(Beginning of Excerpted records)

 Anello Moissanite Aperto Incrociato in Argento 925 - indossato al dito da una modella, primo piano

(End of Excerpted records)
(Beginning of Excerpted records)

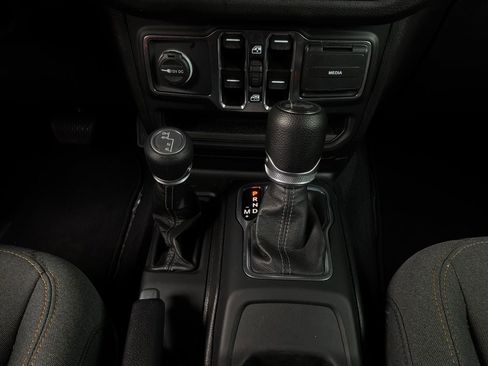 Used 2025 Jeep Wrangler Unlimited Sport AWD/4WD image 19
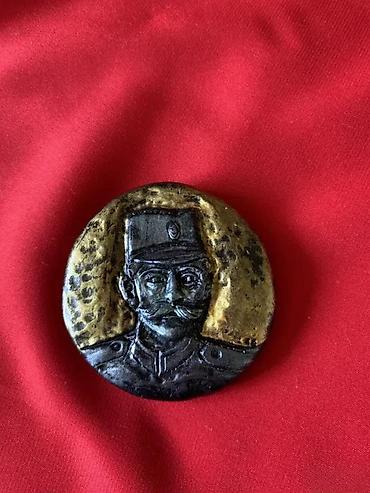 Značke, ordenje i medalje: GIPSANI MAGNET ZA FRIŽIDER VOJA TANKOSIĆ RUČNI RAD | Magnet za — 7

(End of Excerpted records)

» **Exercise brief**
What you write must match the listing exactly, from the line with "Used 2025 Jeep" up to and including the line with "Značke, ordenje i". Pictures stay out.

» **Solution for this exercise**
 Used 2025 Jeep Wrangler Unlimited Sport AWD/4WD image 19
 Značke, ordenje i medalje: GIPSANI MAGNET ZA FRIŽIDER VOJA TANKOSIĆ RUČNI RAD | Magnet za — 7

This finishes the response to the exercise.